Re: Improving the latch handling between logical replication launcher and worker processes. - Mailing list pgsql-hackers

From Peter Smith
Subject Re: Improving the latch handling between logical replication launcher and worker processes.
Date
Msg-id CAHut+PuYxOqfiw3v5GTMK10Hs0T0kTdMw6CmkFbCb5C52HEt2w@mail.gmail.com
Whole thread Raw
In response to Re: Improving the latch handling between logical replication launcher and worker processes.  (vignesh C <vignesh21@gmail.com>)
Responses Re: Improving the latch handling between logical replication launcher and worker processes.
List pgsql-hackers
On Wed, May 29, 2024 at 7:53 PM vignesh C <vignesh21@gmail.com> wrote:
>
> On Wed, 29 May 2024 at 10:41, Peter Smith <smithpb2250@gmail.com> wrote:
> >
> > On Thu, Apr 25, 2024 at 6:59 PM vignesh C <vignesh21@gmail.com> wrote:
> > >
> >
> > > c) Don't reset the latch at worker attach and allow launcher main to
> > > identify and handle it.
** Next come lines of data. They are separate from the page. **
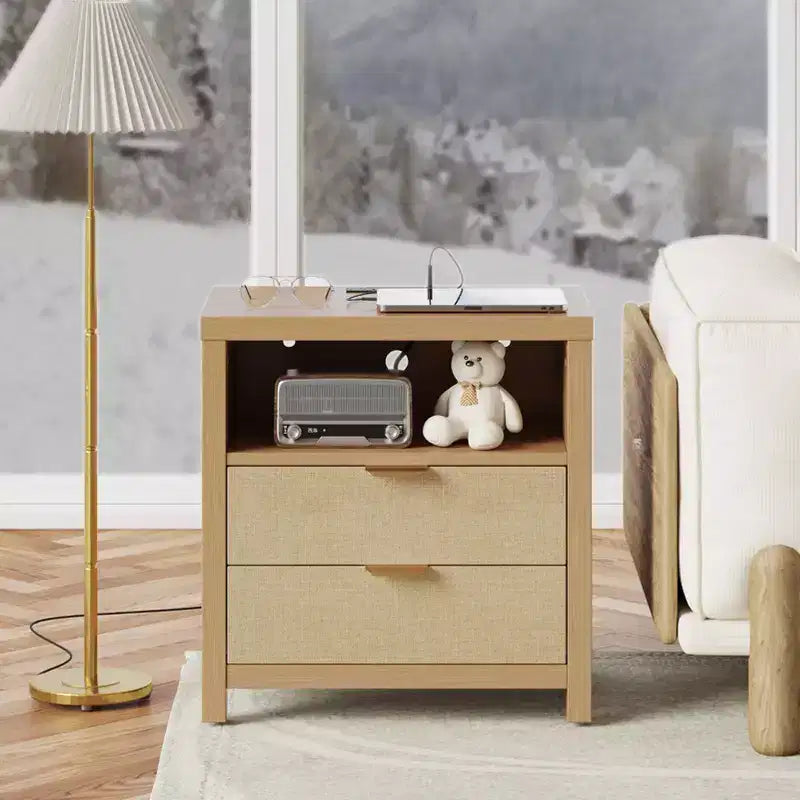 Natural Oak Nightstand With Charging Station 2 Drawer Wood Bedside Table Storage Shelf Modern Farmhouse Bedroom Furniture Accent Cabinet End Table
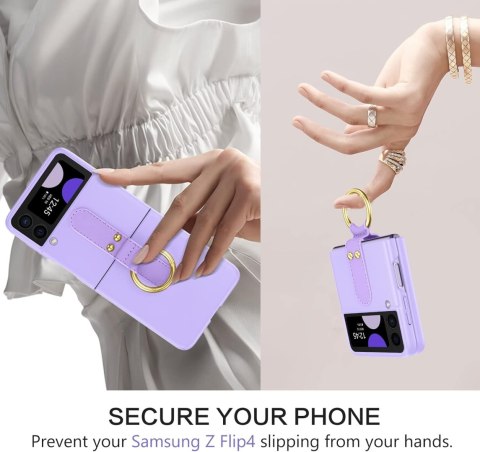 ETUI SKŁADANE DO SAMSUNG GALAXY Z FLIP 4 SILIKONOWE FIOLETOWE +UCHWYT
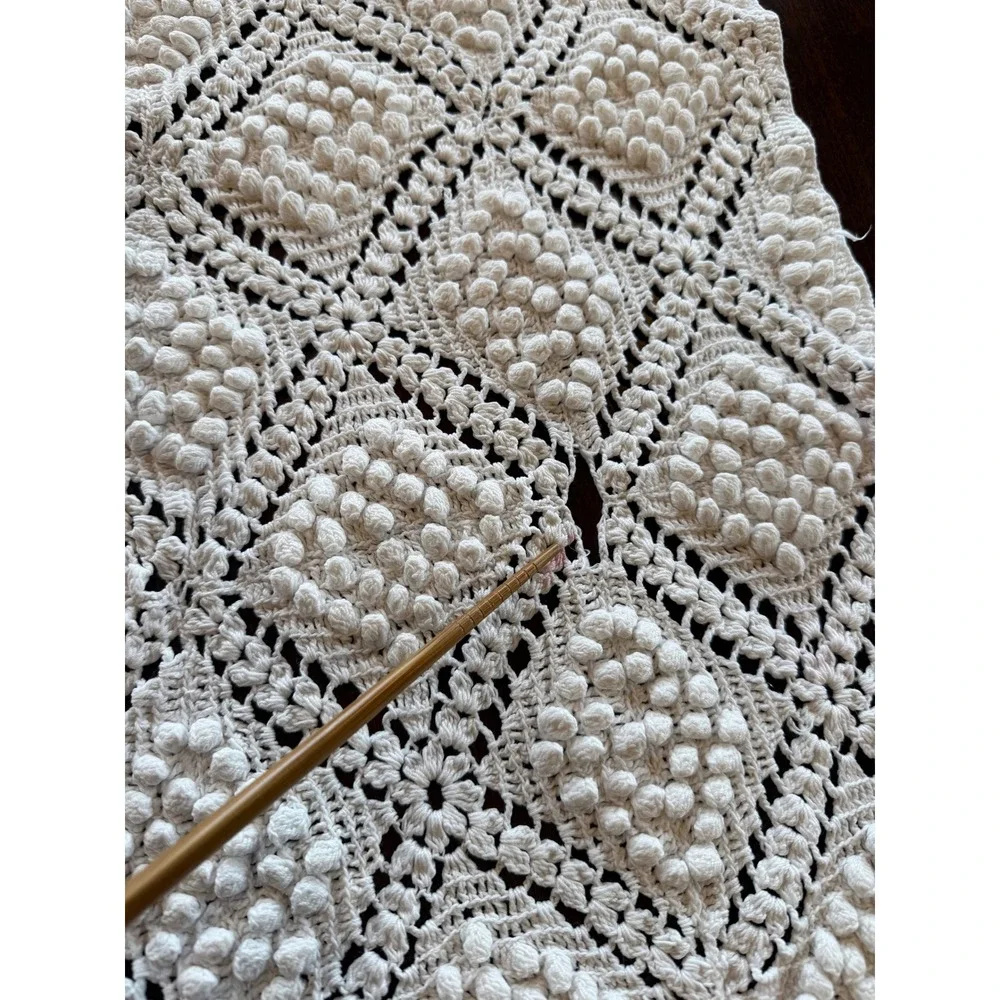 Vintage White‎ Crochet Table Runner Diamond Popcorn Stitch Boho Farmhouse 43x13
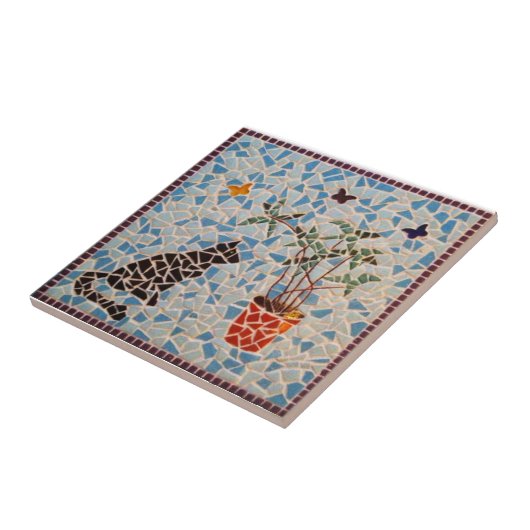 Schwarze Katzen-Mosaik Fliese (Seite)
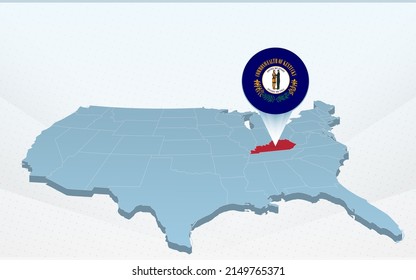 Kentucky state map on United States of America map in perspective. Vector presentation.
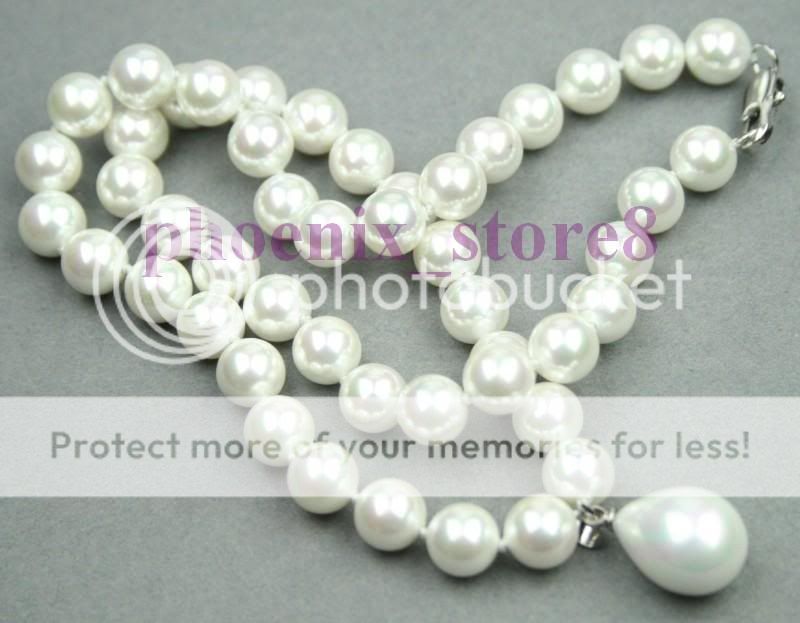 STYLISH CONCH PEARL NECKLACE & PENDANT #1664  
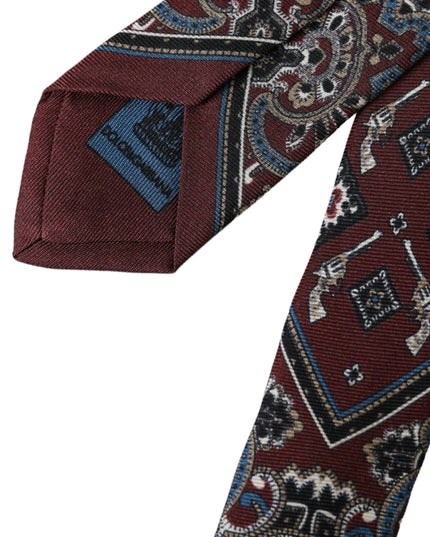 Dolce & Gabbana Bordeaux Printed 100% Silk Adjustable Men Tie
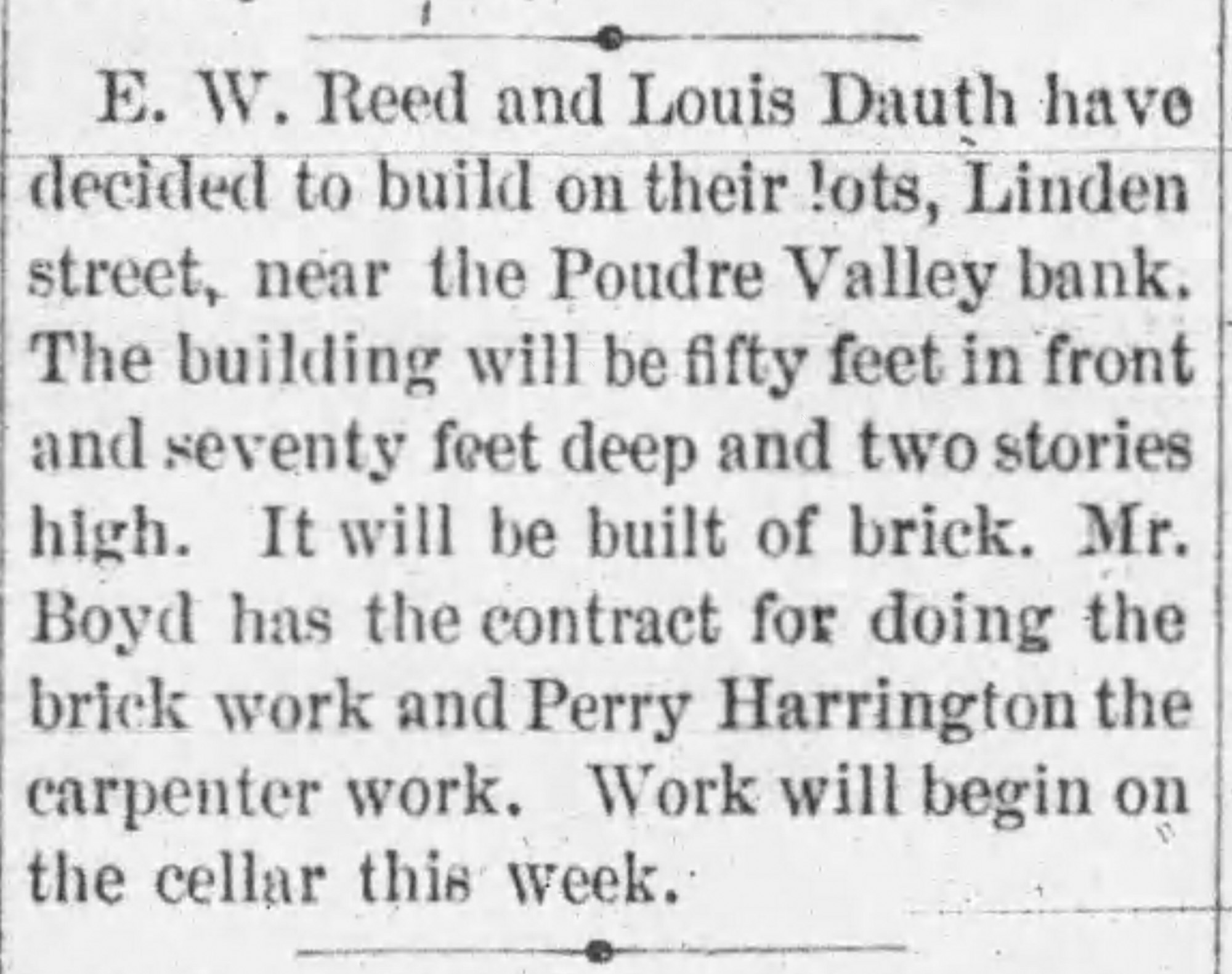 Dauth Family Archive - 1881-03-24 - Express - Louis Dauth Reed-Dauth Block Contractor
For this there is a patch v6-0002 available at
> > > [2].
> >
> > This option c seems the easiest. Can you explain what are the
> > drawbacks of using this approach?
>
> This solution will resolve the issue. However, one drawback to
> consider is that because we're not resetting the latch, in this
> scenario, the launcher process will need to perform an additional
> round of acquiring subscription details and determining whether the
> worker should start, regardless of any changes in subscriptions.
>

Hmm. IIUC the WaitLatch of the Launcher.WaitForReplicationWorkerAttach
was not expecting to get notified.

e.g.1. The WaitList comment in the function says so:
/*
 * We need timeout because we generally don't get notified via latch
 * about the worker attach.  But we don't expect to have to wait long.
 */

e.g.2 The logicalrep_worker_attach() function (which is AFAIK what
WaitForReplicationWorkerAttach  was waiting for) is not doing any
SetLatch. So that matches what the comment said.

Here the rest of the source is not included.